What is needed: Copy the data exactly from the line that contains "Металлическая высечка подходит" through the line that contains "Neon Vaporwave Dragon", keeping both end lines and leaving out everything else.

Source data:
[Start of Attachment]

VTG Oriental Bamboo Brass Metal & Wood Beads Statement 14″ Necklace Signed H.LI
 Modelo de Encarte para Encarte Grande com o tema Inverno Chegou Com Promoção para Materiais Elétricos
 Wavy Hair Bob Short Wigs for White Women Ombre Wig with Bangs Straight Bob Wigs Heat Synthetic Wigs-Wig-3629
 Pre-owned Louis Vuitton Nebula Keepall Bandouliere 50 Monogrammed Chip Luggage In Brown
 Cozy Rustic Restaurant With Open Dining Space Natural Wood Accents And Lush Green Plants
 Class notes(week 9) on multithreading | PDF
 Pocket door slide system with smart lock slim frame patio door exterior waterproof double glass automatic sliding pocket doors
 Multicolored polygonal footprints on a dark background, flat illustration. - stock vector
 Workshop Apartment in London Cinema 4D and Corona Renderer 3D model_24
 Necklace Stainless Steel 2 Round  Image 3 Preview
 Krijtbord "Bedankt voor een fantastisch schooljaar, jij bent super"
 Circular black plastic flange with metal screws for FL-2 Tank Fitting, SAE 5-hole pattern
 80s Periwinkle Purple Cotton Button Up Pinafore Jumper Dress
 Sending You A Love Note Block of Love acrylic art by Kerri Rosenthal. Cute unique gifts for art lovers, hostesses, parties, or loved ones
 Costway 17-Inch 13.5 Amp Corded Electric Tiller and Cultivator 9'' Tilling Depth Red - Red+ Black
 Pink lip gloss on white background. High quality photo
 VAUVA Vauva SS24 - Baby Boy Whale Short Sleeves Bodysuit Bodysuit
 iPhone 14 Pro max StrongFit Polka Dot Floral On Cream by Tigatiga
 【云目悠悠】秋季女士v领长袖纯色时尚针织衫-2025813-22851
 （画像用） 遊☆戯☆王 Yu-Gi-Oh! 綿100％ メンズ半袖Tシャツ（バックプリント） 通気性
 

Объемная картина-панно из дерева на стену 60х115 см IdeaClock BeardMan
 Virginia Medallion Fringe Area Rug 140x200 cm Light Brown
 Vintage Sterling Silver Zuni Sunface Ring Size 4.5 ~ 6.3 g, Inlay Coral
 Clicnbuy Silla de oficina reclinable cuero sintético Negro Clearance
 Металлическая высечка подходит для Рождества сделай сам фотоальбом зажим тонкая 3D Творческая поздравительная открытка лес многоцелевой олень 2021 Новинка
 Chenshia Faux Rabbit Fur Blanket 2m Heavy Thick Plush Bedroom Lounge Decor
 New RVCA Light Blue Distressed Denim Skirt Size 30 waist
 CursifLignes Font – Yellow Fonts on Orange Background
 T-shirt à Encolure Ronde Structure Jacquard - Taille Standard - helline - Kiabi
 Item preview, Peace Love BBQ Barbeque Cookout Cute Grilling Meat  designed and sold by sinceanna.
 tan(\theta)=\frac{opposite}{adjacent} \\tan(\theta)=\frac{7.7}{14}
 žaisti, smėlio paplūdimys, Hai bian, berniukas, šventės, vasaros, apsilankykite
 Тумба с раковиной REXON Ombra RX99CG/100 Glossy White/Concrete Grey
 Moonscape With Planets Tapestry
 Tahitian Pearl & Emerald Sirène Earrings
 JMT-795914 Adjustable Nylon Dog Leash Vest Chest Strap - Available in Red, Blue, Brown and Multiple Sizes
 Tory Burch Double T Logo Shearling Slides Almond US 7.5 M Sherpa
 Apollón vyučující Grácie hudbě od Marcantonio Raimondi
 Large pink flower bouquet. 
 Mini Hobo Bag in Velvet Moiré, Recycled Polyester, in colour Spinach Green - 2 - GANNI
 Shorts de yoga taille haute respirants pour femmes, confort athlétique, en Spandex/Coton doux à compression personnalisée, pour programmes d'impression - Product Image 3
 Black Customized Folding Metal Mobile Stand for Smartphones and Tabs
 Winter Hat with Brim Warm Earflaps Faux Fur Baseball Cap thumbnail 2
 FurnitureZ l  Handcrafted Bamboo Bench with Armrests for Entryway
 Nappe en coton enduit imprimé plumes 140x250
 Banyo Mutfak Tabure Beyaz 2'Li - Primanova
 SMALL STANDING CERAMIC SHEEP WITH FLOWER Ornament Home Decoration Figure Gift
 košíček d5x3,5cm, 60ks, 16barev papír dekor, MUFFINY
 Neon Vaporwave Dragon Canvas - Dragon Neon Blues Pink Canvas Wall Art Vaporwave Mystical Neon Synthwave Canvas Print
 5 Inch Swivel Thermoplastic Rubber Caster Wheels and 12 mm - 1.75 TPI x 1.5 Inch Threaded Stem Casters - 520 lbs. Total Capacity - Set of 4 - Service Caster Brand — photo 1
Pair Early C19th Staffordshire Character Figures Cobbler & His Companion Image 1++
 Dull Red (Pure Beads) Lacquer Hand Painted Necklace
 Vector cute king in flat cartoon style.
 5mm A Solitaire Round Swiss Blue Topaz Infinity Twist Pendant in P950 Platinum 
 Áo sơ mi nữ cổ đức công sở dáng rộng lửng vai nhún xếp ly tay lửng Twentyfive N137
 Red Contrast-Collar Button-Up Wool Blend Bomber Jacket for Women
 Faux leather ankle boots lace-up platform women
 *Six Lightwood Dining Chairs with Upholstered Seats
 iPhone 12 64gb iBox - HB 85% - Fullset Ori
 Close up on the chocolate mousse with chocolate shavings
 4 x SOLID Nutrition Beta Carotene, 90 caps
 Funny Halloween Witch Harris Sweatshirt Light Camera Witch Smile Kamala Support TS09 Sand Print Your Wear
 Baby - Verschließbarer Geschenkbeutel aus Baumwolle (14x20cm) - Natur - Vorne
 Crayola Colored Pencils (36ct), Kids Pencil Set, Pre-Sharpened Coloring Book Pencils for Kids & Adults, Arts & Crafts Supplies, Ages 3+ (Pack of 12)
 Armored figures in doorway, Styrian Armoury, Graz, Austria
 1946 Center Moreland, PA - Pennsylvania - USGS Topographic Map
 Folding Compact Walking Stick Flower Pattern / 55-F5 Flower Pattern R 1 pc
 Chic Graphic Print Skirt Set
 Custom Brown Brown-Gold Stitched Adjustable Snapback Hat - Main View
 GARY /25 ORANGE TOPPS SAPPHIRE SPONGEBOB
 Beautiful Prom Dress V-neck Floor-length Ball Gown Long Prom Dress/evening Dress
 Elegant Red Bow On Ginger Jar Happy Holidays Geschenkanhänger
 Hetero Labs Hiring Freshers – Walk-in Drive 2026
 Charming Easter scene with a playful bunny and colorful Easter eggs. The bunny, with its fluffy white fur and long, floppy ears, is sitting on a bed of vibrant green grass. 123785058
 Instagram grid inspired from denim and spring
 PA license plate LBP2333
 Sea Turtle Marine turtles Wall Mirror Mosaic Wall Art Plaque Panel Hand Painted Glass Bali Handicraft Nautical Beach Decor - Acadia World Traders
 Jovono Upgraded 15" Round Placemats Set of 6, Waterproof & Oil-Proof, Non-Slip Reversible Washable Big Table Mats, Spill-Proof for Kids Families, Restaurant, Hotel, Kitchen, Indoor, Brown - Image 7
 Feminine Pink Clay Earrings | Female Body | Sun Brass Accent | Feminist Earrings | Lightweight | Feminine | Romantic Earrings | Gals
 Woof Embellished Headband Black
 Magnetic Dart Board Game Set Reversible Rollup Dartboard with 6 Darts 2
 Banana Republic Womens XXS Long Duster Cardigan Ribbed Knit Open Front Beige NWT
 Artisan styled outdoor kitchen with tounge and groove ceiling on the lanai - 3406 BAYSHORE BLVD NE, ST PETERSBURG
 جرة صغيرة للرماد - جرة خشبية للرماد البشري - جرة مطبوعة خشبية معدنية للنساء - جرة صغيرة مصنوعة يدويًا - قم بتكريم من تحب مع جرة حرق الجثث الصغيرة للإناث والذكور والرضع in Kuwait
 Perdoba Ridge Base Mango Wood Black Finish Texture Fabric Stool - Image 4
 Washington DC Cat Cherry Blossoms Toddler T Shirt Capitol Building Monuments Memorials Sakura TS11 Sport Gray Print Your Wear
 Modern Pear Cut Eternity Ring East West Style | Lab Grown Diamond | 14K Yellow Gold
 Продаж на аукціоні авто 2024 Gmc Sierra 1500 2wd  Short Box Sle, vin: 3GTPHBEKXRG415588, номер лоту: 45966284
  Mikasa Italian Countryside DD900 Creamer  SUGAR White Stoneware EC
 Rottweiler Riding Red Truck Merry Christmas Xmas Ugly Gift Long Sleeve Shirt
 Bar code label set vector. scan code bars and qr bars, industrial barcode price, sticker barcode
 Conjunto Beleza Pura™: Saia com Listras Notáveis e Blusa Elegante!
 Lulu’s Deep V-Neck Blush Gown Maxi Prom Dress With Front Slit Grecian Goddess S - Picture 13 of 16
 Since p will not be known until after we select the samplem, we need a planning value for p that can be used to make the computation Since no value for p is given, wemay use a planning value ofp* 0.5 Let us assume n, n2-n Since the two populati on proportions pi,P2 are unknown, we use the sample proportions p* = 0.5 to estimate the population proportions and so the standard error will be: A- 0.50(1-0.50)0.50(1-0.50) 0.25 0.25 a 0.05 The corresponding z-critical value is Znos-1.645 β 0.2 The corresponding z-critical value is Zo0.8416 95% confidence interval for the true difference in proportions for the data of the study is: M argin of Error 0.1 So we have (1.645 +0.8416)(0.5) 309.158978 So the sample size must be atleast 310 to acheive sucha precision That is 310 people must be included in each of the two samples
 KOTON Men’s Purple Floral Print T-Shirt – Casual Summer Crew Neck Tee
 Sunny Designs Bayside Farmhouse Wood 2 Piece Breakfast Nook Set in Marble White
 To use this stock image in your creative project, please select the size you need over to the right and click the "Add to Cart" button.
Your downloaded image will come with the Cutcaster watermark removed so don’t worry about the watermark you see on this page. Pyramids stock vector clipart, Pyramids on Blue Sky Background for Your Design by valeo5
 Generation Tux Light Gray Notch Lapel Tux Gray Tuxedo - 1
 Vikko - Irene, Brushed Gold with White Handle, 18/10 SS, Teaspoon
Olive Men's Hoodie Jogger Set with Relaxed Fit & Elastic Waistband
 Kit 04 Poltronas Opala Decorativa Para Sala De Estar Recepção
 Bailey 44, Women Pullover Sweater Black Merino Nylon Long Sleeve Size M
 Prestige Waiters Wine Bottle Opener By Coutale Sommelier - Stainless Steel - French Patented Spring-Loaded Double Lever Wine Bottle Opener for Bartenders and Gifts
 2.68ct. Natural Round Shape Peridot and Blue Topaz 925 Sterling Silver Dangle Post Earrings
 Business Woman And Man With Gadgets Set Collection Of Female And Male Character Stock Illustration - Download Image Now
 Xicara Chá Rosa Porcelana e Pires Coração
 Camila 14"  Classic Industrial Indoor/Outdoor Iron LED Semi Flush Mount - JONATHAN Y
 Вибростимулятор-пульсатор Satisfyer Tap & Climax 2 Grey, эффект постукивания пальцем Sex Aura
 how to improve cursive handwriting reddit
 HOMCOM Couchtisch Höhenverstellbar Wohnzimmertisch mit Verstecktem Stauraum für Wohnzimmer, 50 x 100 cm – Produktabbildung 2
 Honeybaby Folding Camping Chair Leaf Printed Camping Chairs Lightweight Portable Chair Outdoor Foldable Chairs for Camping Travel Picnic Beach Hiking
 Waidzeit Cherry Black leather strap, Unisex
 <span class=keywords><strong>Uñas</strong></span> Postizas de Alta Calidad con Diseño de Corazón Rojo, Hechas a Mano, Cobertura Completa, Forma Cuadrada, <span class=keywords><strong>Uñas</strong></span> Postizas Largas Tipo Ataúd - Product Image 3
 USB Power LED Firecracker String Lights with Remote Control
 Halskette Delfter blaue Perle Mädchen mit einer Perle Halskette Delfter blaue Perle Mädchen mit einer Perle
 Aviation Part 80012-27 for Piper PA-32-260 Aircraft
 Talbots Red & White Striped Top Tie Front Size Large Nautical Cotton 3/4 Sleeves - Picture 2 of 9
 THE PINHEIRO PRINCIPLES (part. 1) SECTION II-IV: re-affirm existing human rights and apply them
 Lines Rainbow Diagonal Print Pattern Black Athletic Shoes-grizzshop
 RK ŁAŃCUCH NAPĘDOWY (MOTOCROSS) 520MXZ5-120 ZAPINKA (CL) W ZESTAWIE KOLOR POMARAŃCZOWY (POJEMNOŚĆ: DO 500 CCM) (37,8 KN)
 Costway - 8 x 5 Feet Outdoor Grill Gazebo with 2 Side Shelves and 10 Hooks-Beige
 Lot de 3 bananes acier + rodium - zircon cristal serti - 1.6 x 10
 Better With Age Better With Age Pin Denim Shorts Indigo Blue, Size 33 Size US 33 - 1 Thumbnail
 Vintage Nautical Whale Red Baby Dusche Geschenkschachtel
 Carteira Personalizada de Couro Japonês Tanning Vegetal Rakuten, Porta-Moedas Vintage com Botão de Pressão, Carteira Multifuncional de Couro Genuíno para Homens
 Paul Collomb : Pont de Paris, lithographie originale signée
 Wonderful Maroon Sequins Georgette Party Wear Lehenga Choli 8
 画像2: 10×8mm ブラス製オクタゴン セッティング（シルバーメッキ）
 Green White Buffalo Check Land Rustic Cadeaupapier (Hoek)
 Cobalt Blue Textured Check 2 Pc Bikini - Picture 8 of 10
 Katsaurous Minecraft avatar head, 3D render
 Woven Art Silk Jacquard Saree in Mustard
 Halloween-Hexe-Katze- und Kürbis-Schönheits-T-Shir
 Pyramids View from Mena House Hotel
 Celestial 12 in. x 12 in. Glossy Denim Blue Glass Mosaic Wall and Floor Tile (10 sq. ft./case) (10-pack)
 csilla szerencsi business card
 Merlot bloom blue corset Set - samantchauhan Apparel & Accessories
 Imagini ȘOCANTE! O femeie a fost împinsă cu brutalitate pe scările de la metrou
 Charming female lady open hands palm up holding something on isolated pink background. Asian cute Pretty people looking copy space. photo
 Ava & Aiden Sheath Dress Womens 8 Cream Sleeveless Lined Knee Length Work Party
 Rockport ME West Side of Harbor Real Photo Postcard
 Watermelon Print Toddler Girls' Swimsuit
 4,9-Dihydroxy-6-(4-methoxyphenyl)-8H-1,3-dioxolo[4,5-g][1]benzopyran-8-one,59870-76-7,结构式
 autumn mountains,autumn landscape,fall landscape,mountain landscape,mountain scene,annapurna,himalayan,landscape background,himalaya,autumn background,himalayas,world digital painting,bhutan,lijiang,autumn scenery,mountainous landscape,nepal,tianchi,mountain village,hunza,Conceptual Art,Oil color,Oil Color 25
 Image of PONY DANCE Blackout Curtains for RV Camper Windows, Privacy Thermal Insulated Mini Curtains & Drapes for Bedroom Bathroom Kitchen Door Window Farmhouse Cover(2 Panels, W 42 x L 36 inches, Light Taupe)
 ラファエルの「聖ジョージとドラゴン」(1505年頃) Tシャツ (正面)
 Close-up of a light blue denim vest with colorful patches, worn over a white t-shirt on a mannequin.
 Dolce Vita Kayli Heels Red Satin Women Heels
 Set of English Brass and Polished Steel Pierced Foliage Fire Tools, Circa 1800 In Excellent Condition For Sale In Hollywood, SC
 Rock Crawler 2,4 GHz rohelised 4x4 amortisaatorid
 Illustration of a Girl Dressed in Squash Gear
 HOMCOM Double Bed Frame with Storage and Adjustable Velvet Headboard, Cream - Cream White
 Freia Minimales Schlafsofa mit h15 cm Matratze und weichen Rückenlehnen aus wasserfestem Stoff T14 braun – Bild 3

[End of Attachment]

Answer to the problem:
 Металлическая высечка подходит для Рождества сделай сам фотоальбом зажим тонкая 3D Творческая поздравительная открытка лес многоцелевой олень 2021 Новинка
 Chenshia Faux Rabbit Fur Blanket 2m Heavy Thick Plush Bedroom Lounge Decor
 New RVCA Light Blue Distressed Denim Skirt Size 30 waist
 CursifLignes Font – Yellow Fonts on Orange Background
 T-shirt à Encolure Ronde Structure Jacquard - Taille Standard - helline - Kiabi
 Item preview, Peace Love BBQ Barbeque Cookout Cute Grilling Meat  designed and sold by sinceanna.
 tan(\theta)=\frac{opposite}{adjacent} \\tan(\theta)=\frac{7.7}{14}
 žaisti, smėlio paplūdimys, Hai bian, berniukas, šventės, vasaros, apsilankykite
 Тумба с раковиной REXON Ombra RX99CG/100 Glossy White/Concrete Grey
 Moonscape With Planets Tapestry
 Tahitian Pearl & Emerald Sirène Earrings
 JMT-795914 Adjustable Nylon Dog Leash Vest Chest Strap - Available in Red, Blue, Brown and Multiple Sizes
 Tory Burch Double T Logo Shearling Slides Almond US 7.5 M Sherpa
 Apollón vyučující Grácie hudbě od Marcantonio Raimondi
 Large pink flower bouquet. 
 Mini Hobo Bag in Velvet Moiré, Recycled Polyester, in colour Spinach Green - 2 - GANNI
 Shorts de yoga taille haute respirants pour femmes, confort athlétique, en Spandex/Coton doux à compression personnalisée, pour programmes d'impression - Product Image 3
 Black Customized Folding Metal Mobile Stand for Smartphones and Tabs
 Winter Hat with Brim Warm Earflaps Faux Fur Baseball Cap thumbnail 2
 FurnitureZ l  Handcrafted Bamboo Bench with Armrests for Entryway
 Nappe en coton enduit imprimé plumes 140x250
 Banyo Mutfak Tabure Beyaz 2'Li - Primanova
 SMALL STANDING CERAMIC SHEEP WITH FLOWER Ornament Home Decoration Figure Gift
 košíček d5x3,5cm, 60ks, 16barev papír dekor, MUFFINY
 Neon Vaporwave Dragon Canvas - Dragon Neon Blues Pink Canvas Wall Art Vaporwave Mystical Neon Synthwave Canvas Print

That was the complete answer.